Reccomendation for a Cloud Backup solution

Have to make a redundant backup solution for roughly 10k users that will have enough redundancy to loose multiple drives or multiple servers while still retaining availability.

I’ve been thinking of using GlusterFS across multiple servers, but have also been thinking of using S3.

If anyone has a better Idea I’m open to suggestions. High-speed isn’t a priority. Storage will be roughly 1PetaByte

If you want to host it yourself, Gluster or Ceph are going to be your best options.

1PB is going to be prohibitively expensive at S3. My recommendation: Just build your own cluster.

We built 840TB in 2015 for about 250k. I’m sure you can do it much cheaper now.

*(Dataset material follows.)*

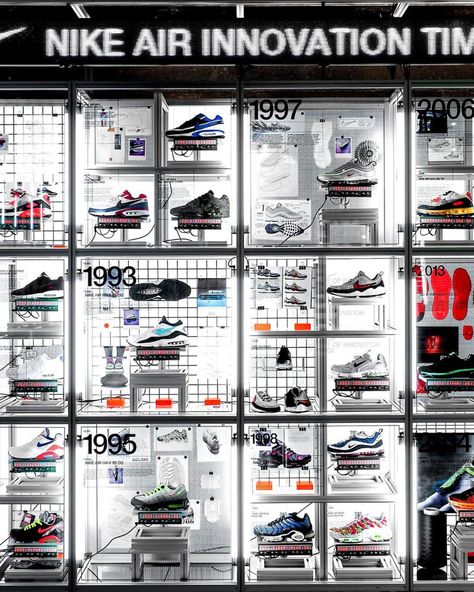 METCHA | Nike's innovation timeline created by Hotel Creative Timeline Display, Nike Office, Nike Event, Nike Retail, Bike Store, Exhibition Display, Design Shoes, Factory Design, Shoe Display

If you need 1PB of usable storage and want to tolerate multiple server failures, you’re going to need to follow the 3 copies, multi-rack rule. This means you’ll want 3PB of raw disk for your OSDs (I’ll get to this later). I’ll give an example using Ceph because that’s what I’m familiar with.

As far as connection goes, there are a few options:

  • RBD (RADOS Block Device) is a virtual block device.
  • CephFS is going to be similar to Gluster’s filesystem.
  • RGW (Ceph Object/RADOS Gateway) REST API which is S3 or Swift compatible.

You’ll need a few management servers. With this amount of data, you’re going to need dedicated metadata and monitor servers. They operate in a cluster of their own, with a quorum, so an odd number 3+ is recommended. Dedicated gateway nodes is also recommended if performance is an issue. Expect 2/3 wire speed on sequential reads or writes if you don’t.

On to OSD (object storage daemon) nodes. Each disk will get its own daemon. Each server will have a couple SSDs for caching. (my recommendation, at least). It will make the network your bottleneck rather than the disks.

When you build out your cluster, you can tell the cluster (when building what’s called placement groups) which server resides in which rack, and which disk resides on which server. Ceph will automatically place the 3 copies of an object on different racks, to help prevent against rack failure.

I’m not sure what your performance requirements are, but a cluster this size should be able to fully saturate 10GbE, up and down.

This is extemely oversimplified, but I thought it would be a good jumping off point for you.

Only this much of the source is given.